I hadn't, in fact, thought of England first. I was looking around aimlessly from consular to consulate. It so happened that at university, at this particular diplomatic college I attended, as part of my university studies, there was a very nice uh Welsh tutor of English, and he knew the passport officer at the British Legation, and I had an introduction and um my mother came with me to try and get a visa. And the man relented he saw my mother's grief. which was quite genuine and he was very sweet and he gave me a very tenuous visa that only allowed me to come to England for three months and that's how I got into England.
The keepsakes
The book
Charles Dickens
Because I read him first as a child in German. And found it a very quaint book. And as I re-read the Pickwick Papers once, twice, three, four times in English, and almost every decade I discovered new nuances which were, of course, the result of growing up, or having had disappointments, or having had experiences I didn't have at the last reading. And so to me, this is a sort of quintessentially English book. At the same time, it has a universal message, and it is immensely popular, for instance, in Russia.
The luxury
a well sprung arm chair with footrest and Turkish coffee machine
That must end with an enormous confession. I hate islands. I hate the idea of being alone on the island, but as I said before that I am an incurable optimist. So what I like to feel that I have a very limited stay on the island, and therefore for that purpose, my luxury would be a very well sprung arm chair with a footrest and two flaps on either side. On one would be a built-in machine producing endless Turkish coffee. The other one would have a highly sophisticated surveillance system that would signal the nearest tanker to pick me up at my discretion.
Presenter asks
13:10You are renowned for your love of parties, for your giving of parties rather than going to them. Do you find true enjoyment giving parties?

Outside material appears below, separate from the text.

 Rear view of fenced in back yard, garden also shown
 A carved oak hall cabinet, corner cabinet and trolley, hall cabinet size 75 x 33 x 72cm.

Well, I do enjoy seeing many friends from different countries and also from different s uh milieus, uh meeting and either getting on or finding that some of the prejudices were misplaced. I do like this um idea of uh bridge building. Now that's all very sounds pompous and also banal, but there is certainly an element of that.
Presenter asks
13:48Is it important to you that people like you?
I think it's one of my vices to want to be liked. And I think it is a great handicap in life.
Presenter asks
26:41You have been married three times and divorced three times. Do you blame in any way the ending of those relationships on your enormous appetite for work?
Uh I probably married uh my first wife uh was very young. Uh she was a young nineteen and I was a very old thirty two. And therefore perhaps um there was this difference. and I didn't have enough time to devote myself to cultivating the marriage to nursing it. And um I regretted the breakup of my first marriage very much because I had this because uh the notion, the idea of a sort of really conventional uh family life, sort of patriarchal life, um, was a romantic notion that I always had. My second wife, who was recently written and uh much discussed, Um and very widely reviewed book. was um a very different thing altogether. Uh that was um the um It's the the story of um passion, uh you might say obsession, which had an unhappy end. Um and um The m third marriage. might have worked. Very well. But there were logistical problems. She was American. She had a family in America that she thought needed her, and children needed her, and found certain found problems of adapting herself to English life and so on. And but we've remained very good friends indeed.
“I think it would be a wonderful opportunity of thinking about past mistakes.”
“I am hopeless mechanically and uh not fit for the twenty first century when it comes to to mechanical things.”
“I feel that my job isn't finished and probably never will be finished, so I think I want to go on working as long as health and providence allows me to go on working.”
“I find that England is the ideal place to live. Because people live and let live here in a more tolerant way than anywhere else.”
“I hate the idea of being alone on the island, but as I but I said before that I am an incurable optimist.”